Dark Light by Ken MaCleod

I picked this one up at the library sale this spring. I understand now why it was on the sale pile. This was a slow slog through political commentary on a socialist system in the Universe. Russian politics can be tedious at best, but transfer them to space and a new planet and the story suddenly takes on the form of an afternoon nap.

To summerize greatly, Volkov and Matt are from a different time...old Earth. Somehow, in the distant past, they were granted longevity by the gods and now they will live forever. They have suddenly popped up on the planet Croatan with the ship Bright Star with a personal agenda - to start a revolution. They want answers, and they want answers from the gods. With the help of Salasso, the saur who pilots the ship (only saurs and krackens are allowed to be pilots) they have come to Croatan and the city of Rawliston to find help to make spacesuits to accomplish this quest.

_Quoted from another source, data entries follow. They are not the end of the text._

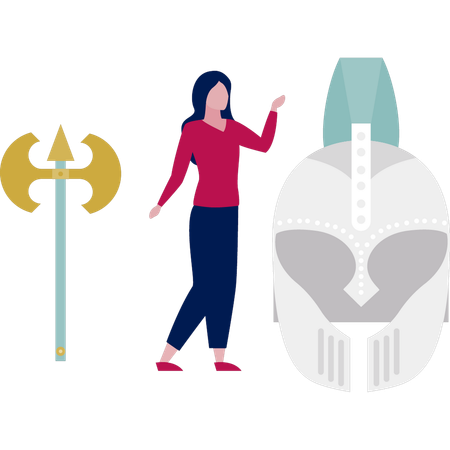 Women presenting armour helmet  Illustration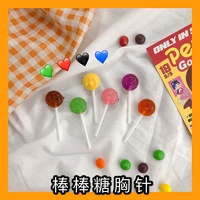 cute rainbow simulated lollipop brooches candy costume backpack lapel pin woman girl jewelry kids gifts clothes bag brooches
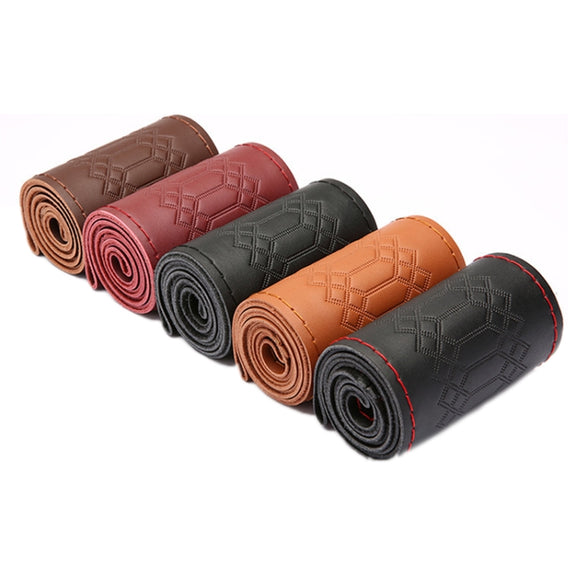 38cm Four-season Embossed Hand-sewn Cowhide Steering Wheel Cover(Black+Red Line)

They find the natives have the knowledge and capabilities to make very rudimentary spacesuits, they stir up a revolution in the name of progress. After a brief interlude to talk to the gods, in which they find out the gods are preparing various species for a future war, Matt eventually decides this is not in the natives best interest for a revolution and starts to work against Volkov. Yes. It is like that.

This story was fragmented, read a bit like a political history book, was reminiscent of Le Miserables only shorter (not that Le Miserables is a bad book), and really had very little appeal in the character department. I just never quite figured out who I should be rooting for - Matt? For standing up to the socialist revolutionary? Salasso? For standing up to the rest of the saurs and helping the humans obtain the freedom of space? For Lydia? The trader who loved Volkov and went against her clan’s wishes to help Matt and Volkov? For Gail and Stone? Two natives who got caught up in interstellar intrigue? Who? Who do I root for?

Bah. There are better things to read.

1 comment:

Gail O'Connor said...

That's too bad. I've never managed to make it through a McLeod book. The cover art is nice, though.